What is expected:
The exact lines of the listing, from its first through the line that contains "Hello friends, this", are to make up the answer, and pictures are to be left out.

Supplied material:
▬▬▬

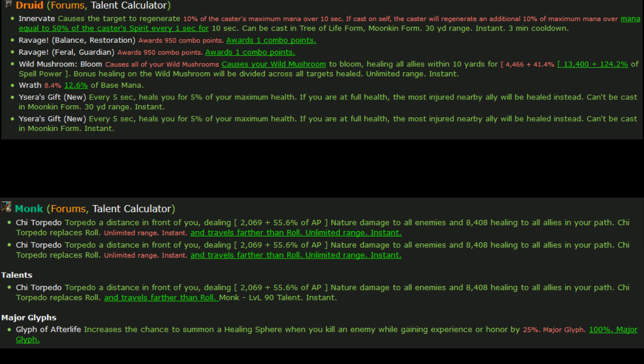Hey guys, just wanted to make a quick video talking about the 5.4 class changes that are currently on the front page of MMO Champion. As usual with early data-mined patch notes such as these, take it with a grain of salt, but I'm really excited for some of these changes coming through, specifically for the druid class.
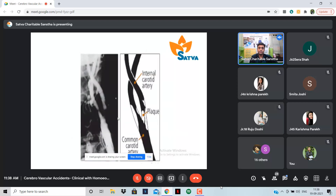These are the various atherosclerotic plaques seen. I'm showing these repeatedly because many times as a physician we get hesitant to advise investigation, but the first and foremost thing is to investigate what is the cause of the disease.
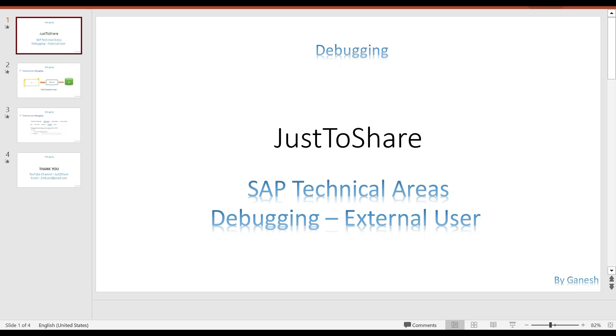Hello friends, this is Ganesh. Hope you are doing great. In this video, we are going to see how to debug a program by another user ID. What is the reason we need to debug a program by another user ID?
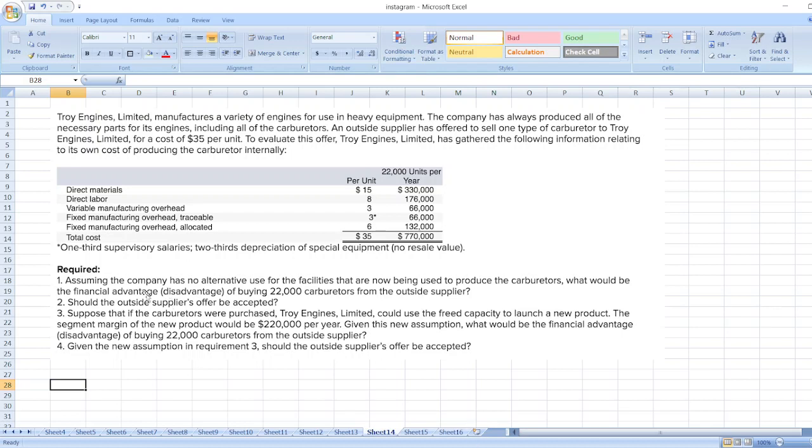For questions one and two, you can find the solution in my other video. Here I will only calculate question number three and four.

▬▬▬

Answer to the problem:
Hey guys, just wanted to make a quick video talking about the 5.4 class changes that are currently on the front page of MMO Champion. As usual with early data-mined patch notes such as these, take it with a grain of salt, but I'm really excited for some of these changes coming through, specifically for the druid class.
These are the various atherosclerotic plaques seen. I'm showing these repeatedly because many times as a physician we get hesitant to advise investigation, but the first and foremost thing is to investigate what is the cause of the disease.
Hello friends, this is Ganesh. Hope you are doing great. In this video, we are going to see how to debug a program by another user ID. What is the reason we need to debug a program by another user ID?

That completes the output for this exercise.